Three great men have passed away this month, all leave huge influence behind them on humanity and our continued journey in our use of tools. They contributed to the core foundational principles of computing, and to the design of products that led to the widespread adoption of the resulting technologies by the general public. I think software is a very strange thing, that we don't consider too often, layers of abstraction and tools that allow the creation of digital artefacts that change our lives. Of course hardware is needed too, but software itself must surely be studied more in social sciences as one of humanity's most productive inventions, not yet equal to natural language in impact on our history, but harnessing our natural linguistic abilities and turning them towards an engineering purpose - pure magic. Perhaps more accurately software should be seen as the latest incarnation of mathematics, our first artificial language, made alive through the ability to actually execute on hardware.
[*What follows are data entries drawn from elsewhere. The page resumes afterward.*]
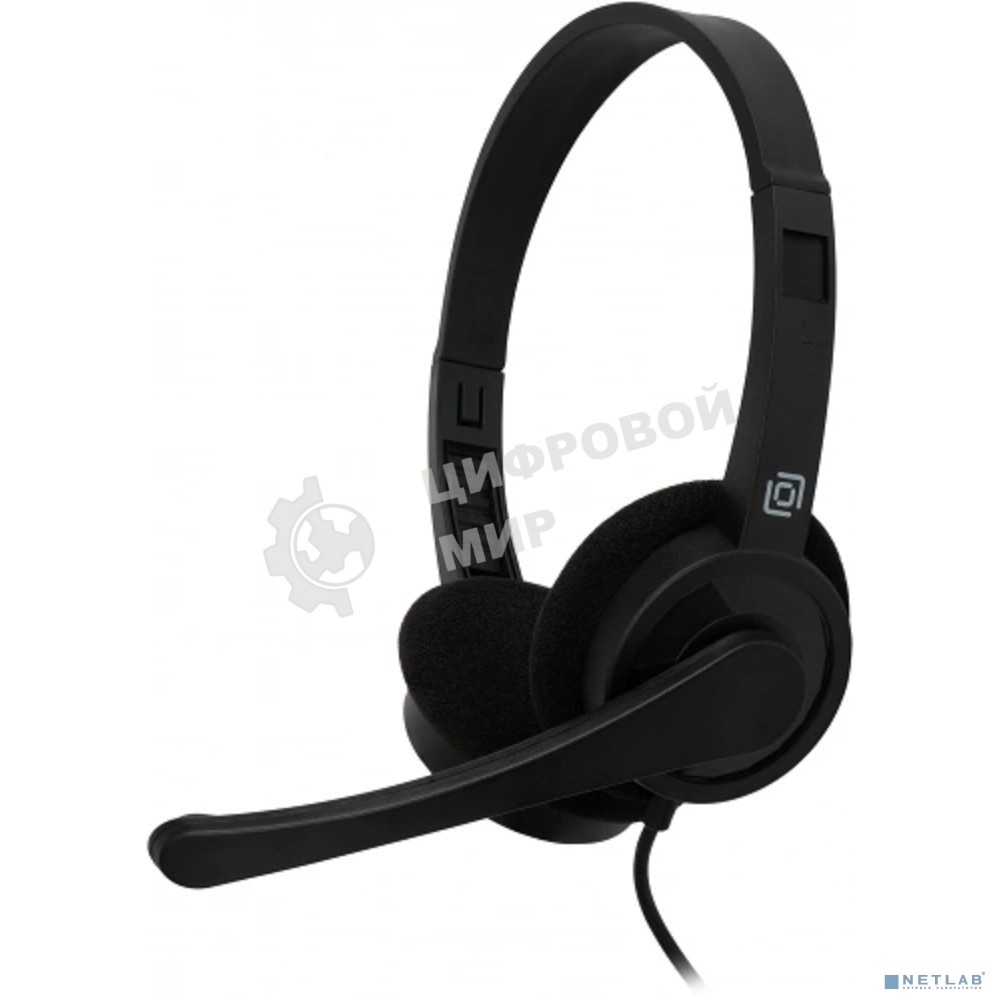 Гарнитура проводная с микрофоном Оклик HS-M600 черный 1.8м накладные оголовье (1900372)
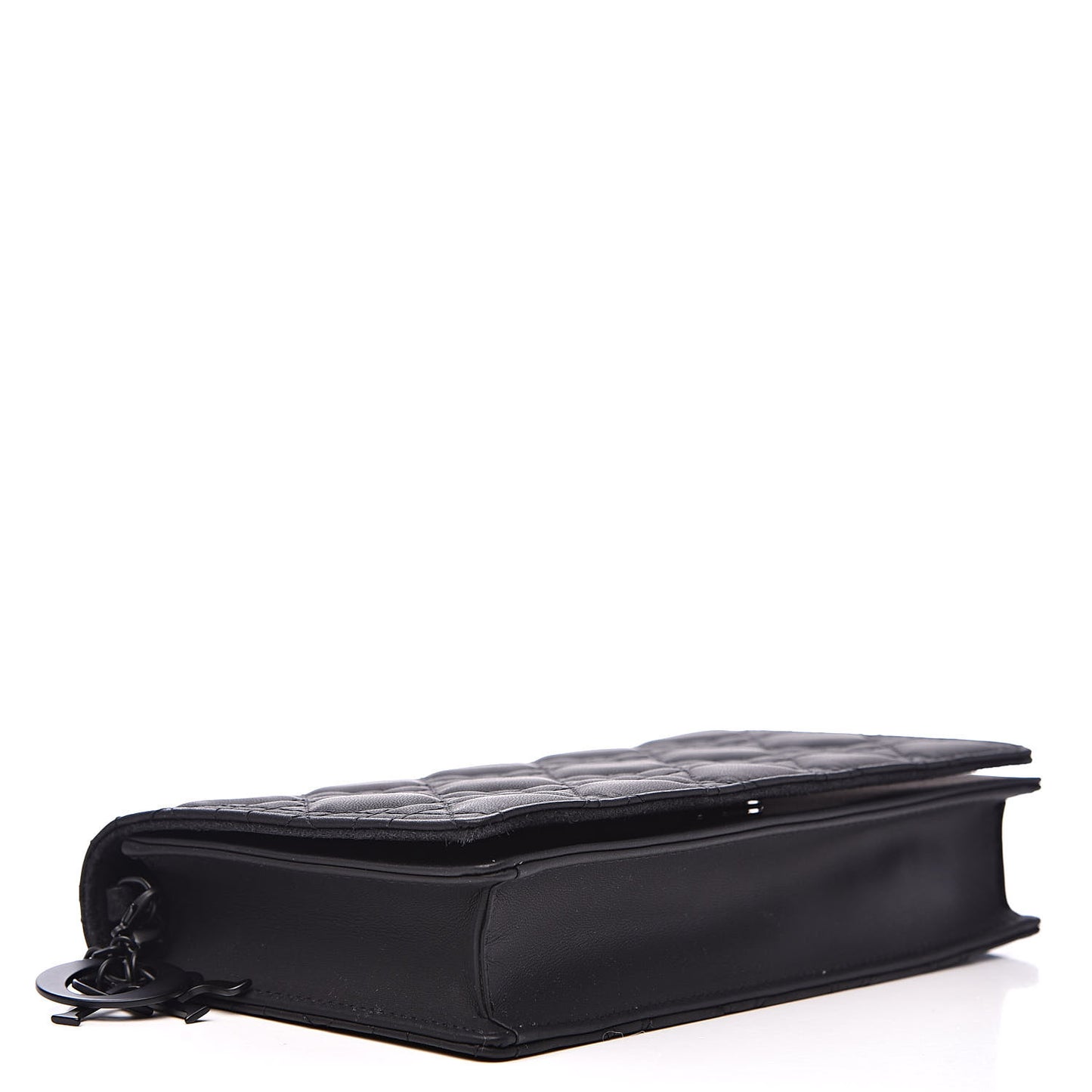 Ultra Matte Calfskin Cannage Lady Dior Clutch Black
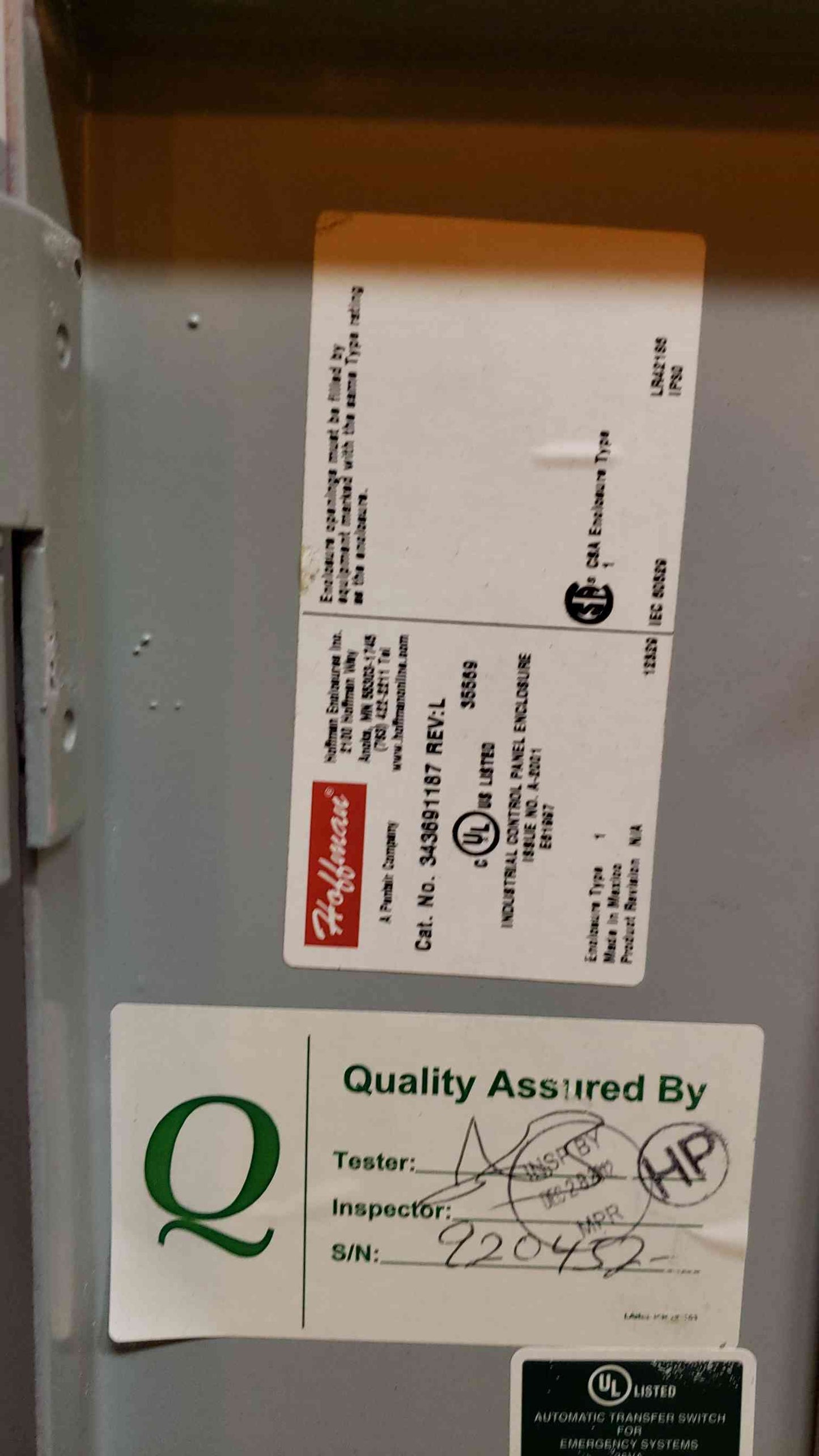 ASCO 70A 7000 Series 480v ATS Automatic Transfer Switch(Q16523)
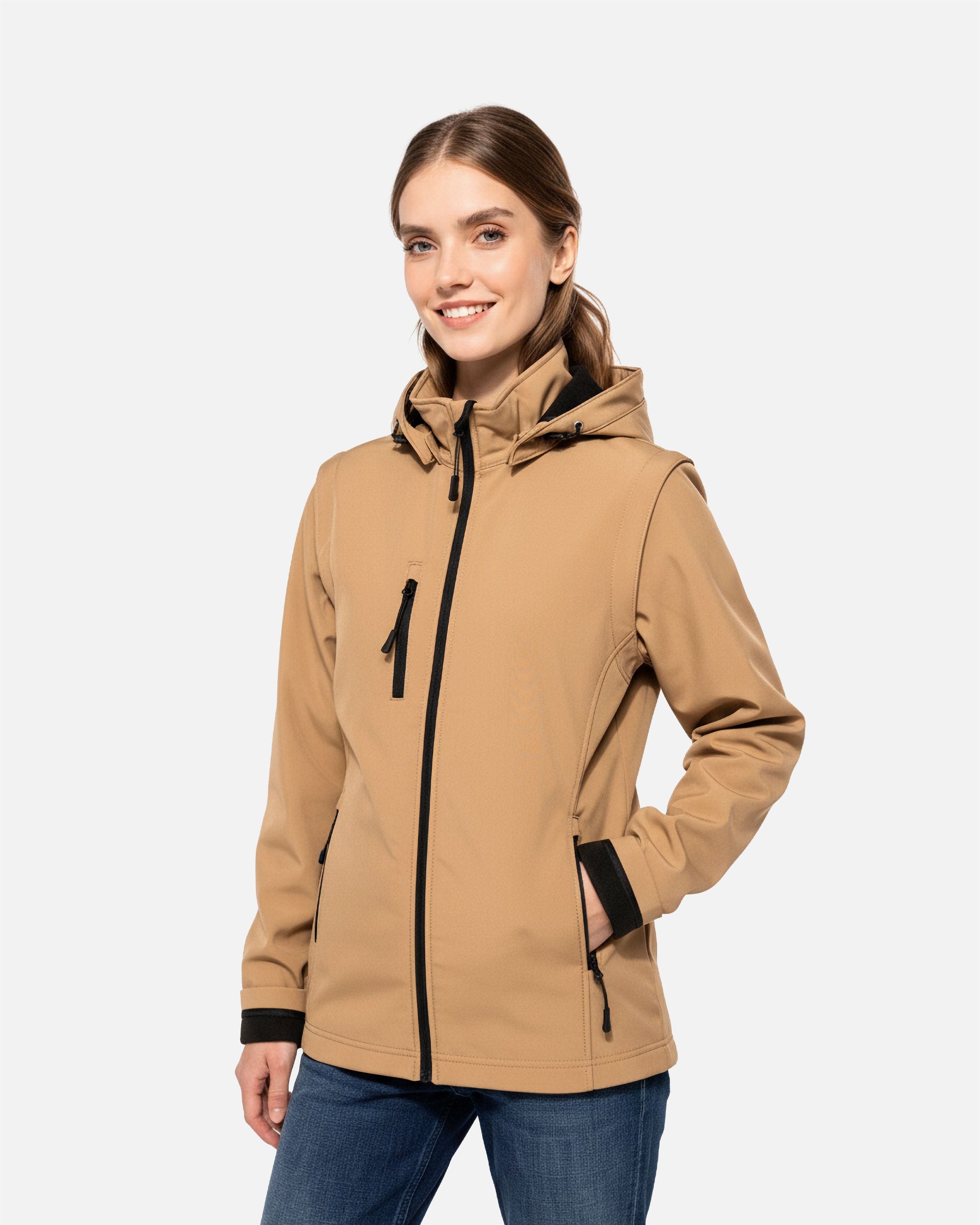 Unisex Softshell Jacke mit abnehmbarer Kapuze und Ärmeln Camel von VIVID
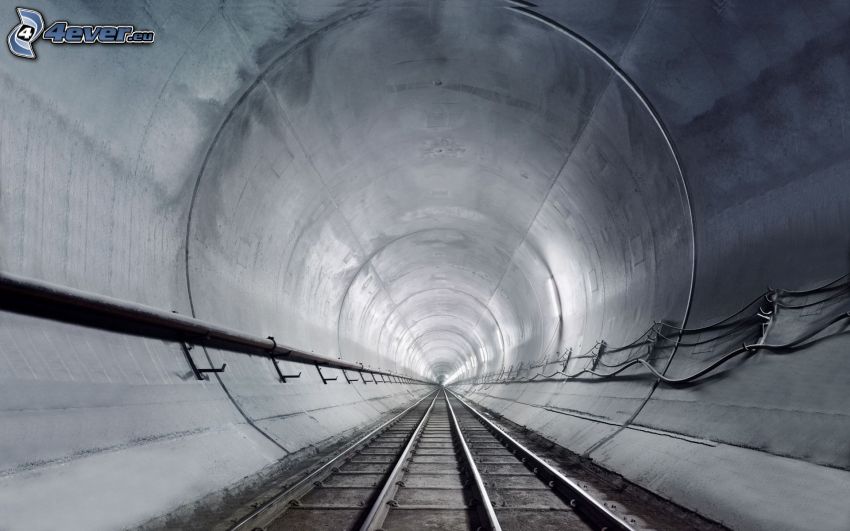 tunnel, métro, rails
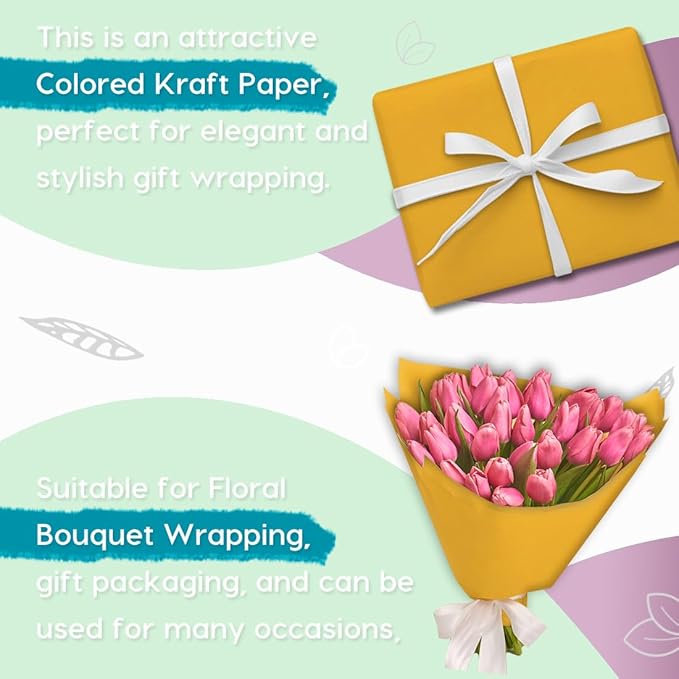 SMART&CASUAL 17.8" x 760" (63') Orange Kraft Craft Paper Roll for Gift Wrapping Bulletin Board Bouquet Flower Kids Art Packing Parcel Table Covering 80GSM 55LB (Orange, 17.8" x 63')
In any case, we stand on the shoulders of giants.
The BBC reported this week on the death of John McCarthy, arguably the founder of Artificial Intelligence (AI), and the creator of LISP, still one of my favourite programming languages. He died 24th October 2011, at the age of 84. See also the Guardian Obituary. AI was my first love in computing, and I have huge respect for the power and simplicity of LISP for exploring this vast field.
Earlier this month, the BBC also announced the death of Dennis Ritchie, creator of the C programming language and co-creator of UNIX at Bell Labs, who died on 12th October 2011. See the Guardian Obituary. I fell in love with UNIX (and the Internet) in the mid-80s in university in Keele, and it has been the stable OS underpinning nearly everything I have done with computing since then, not least the Mac OS X MacBook I am using now to type this blog post. Again it is a powerful and generative tool, based on simple principles.
Perhaps most well covered in the popular press, Steve Jobs of Apple who died at the early age of 56, on the 5th October 2011. Through arguably the most impressive range of product launches in the history of computing, he has driven the adoption of the key technologies in computing by the general public, opening up the excitement and wonder of the potential for these technologies to all of us, not just the academics. See the Guardian Obituary. I love my iPod, iPhone and iPad as well as my OS X machines, and I love the fact that computing was democratised by the personal computer.
We will not see their likes again, to paraphrase what we say in Irish.